Before the FSA gets round to a final bout of fining every IFA using a wrap or a supermarket in the country maybe we should look at the specifics of Moneywise IFA’s case.
(Dear reader – this is a very long blog by the way (well over a thousand words) so not for the faint hearted or the Twitterati, so you have been warned.)
I always think it’s a good idea to read the full final notices on FSA fines. I think regulated firms should do so too. Here it is:
http://www.fsa.gov.uk/pubs/final/moneywise.pdf
It may be depressing or even a little ghoulish but you get information in a legal format divorced from whatever message the FSA press team and FSA fines team agree is the one they want to send to the market that particular day. Here is my tuppence, or actually more than tuppence on what it means. In my view this fine breaks down into:
1) a UCIS issue.
2) an issue with exotic underlying investments in discretionary portfolios which were not explained properly.

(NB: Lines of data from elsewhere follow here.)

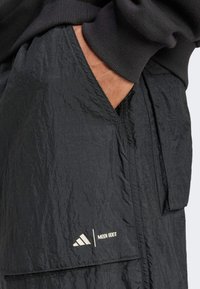 adidas Sportswear - MOON BOOT PARACHUTE WIDE - Donji dijelovi trenirke - black Minijatura 1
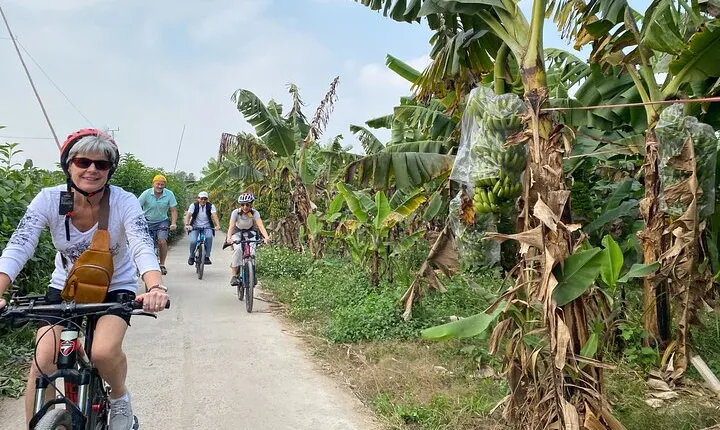 Hanoi City Bike Tour through Banana Island & Food Tasting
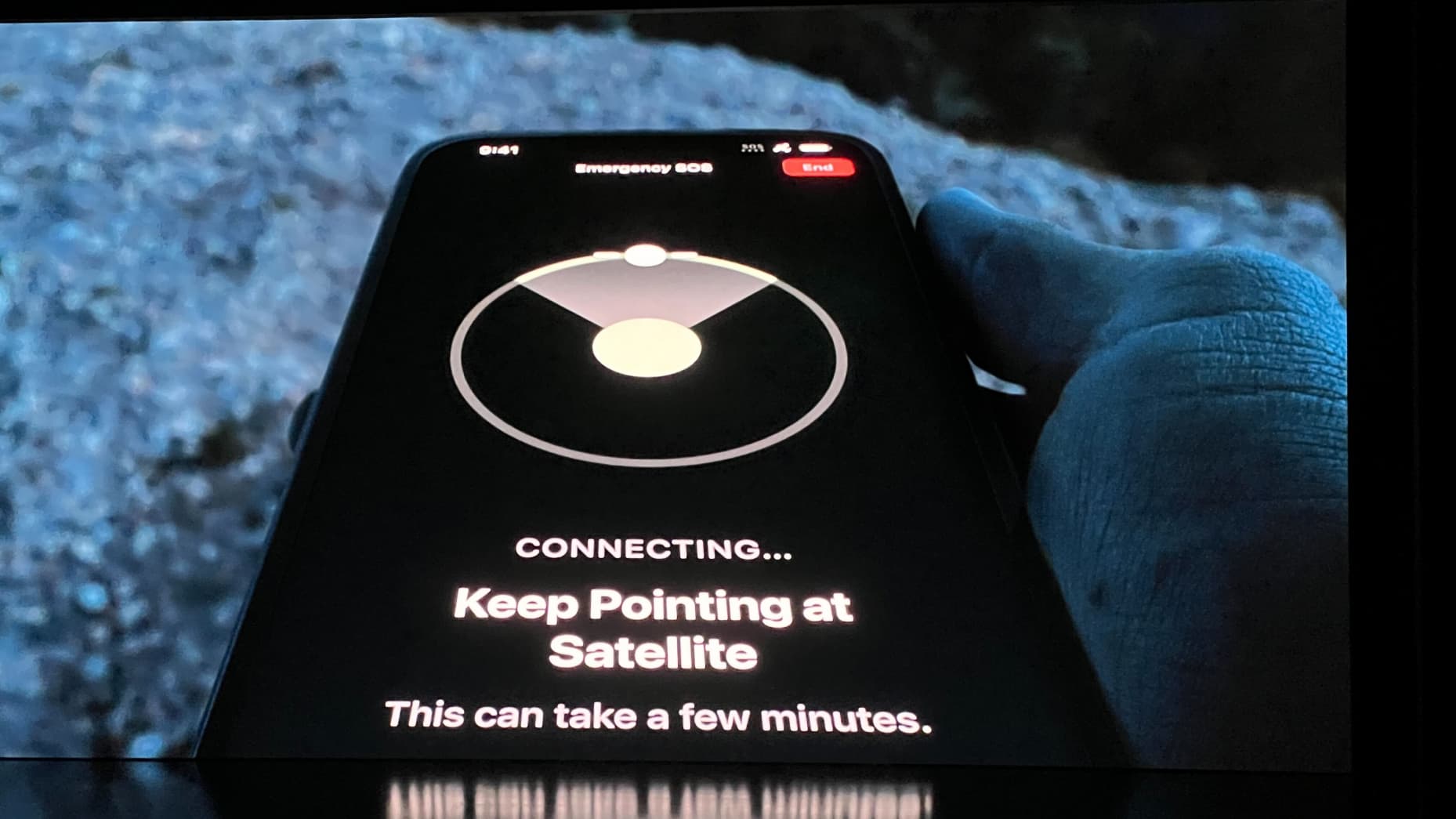 Apple "r&oacute;t" 1,5 tỷ đ&ocirc; la v&agrave;o Globalstar để mở rộng dịch vụ vệ tinh iPhone- Ảnh 1.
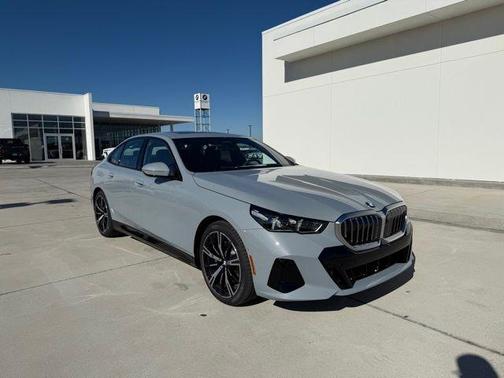2025 BMW 530 i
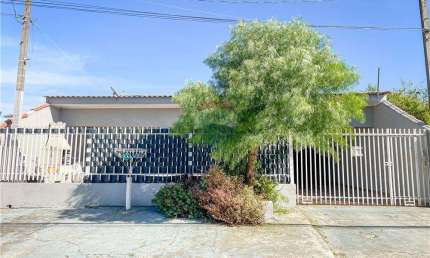 Casa 4 Quartos vaga para 3 carros - Bairro Maracanã - Colombo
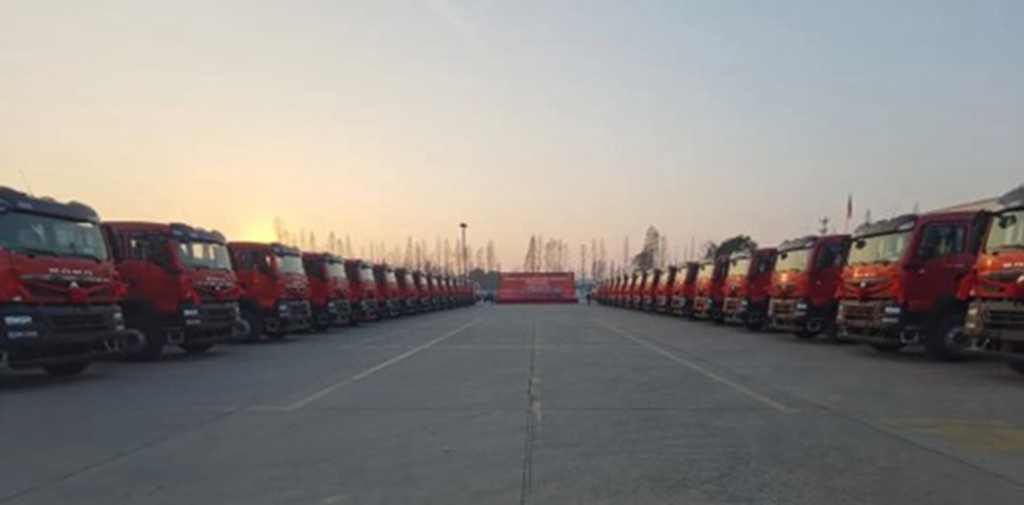 中国重汽2024开门红，30辆豪沃油田搬家车成功交付中石化 - 第1张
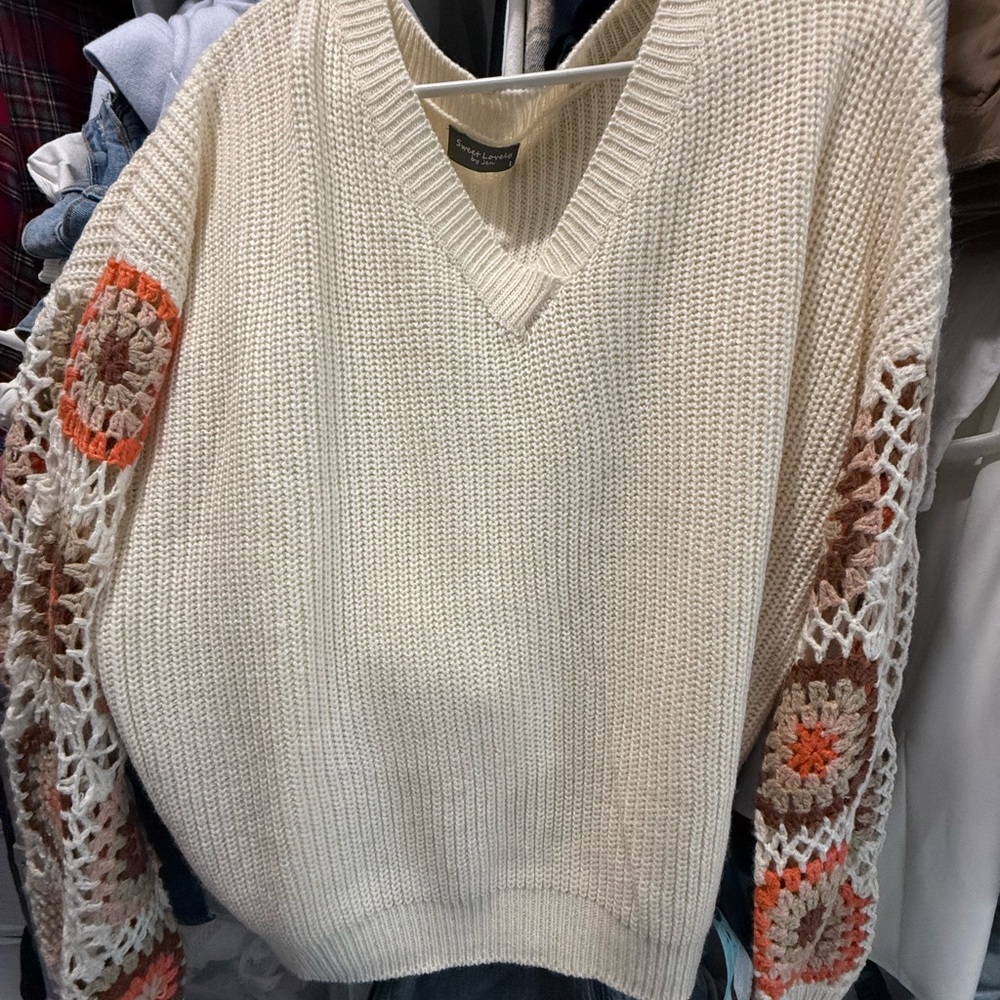 Chic Cream V-Neck Sweater with Crochet Sleeves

3) a problem with suitability letters and other communications mostly relating to the platform and indeed problems with the justification for the move to a platform at all.
4) A failure to manage a conflict of interest involving the chief executive and his old wrap firm where he is a non-exec, though it was disclosed.
I’ve put a little dividing line between my remarks throughout this blog and the FSA’s. Heaven forbid they got mixed up! But here is the key passage on the UCIS bit.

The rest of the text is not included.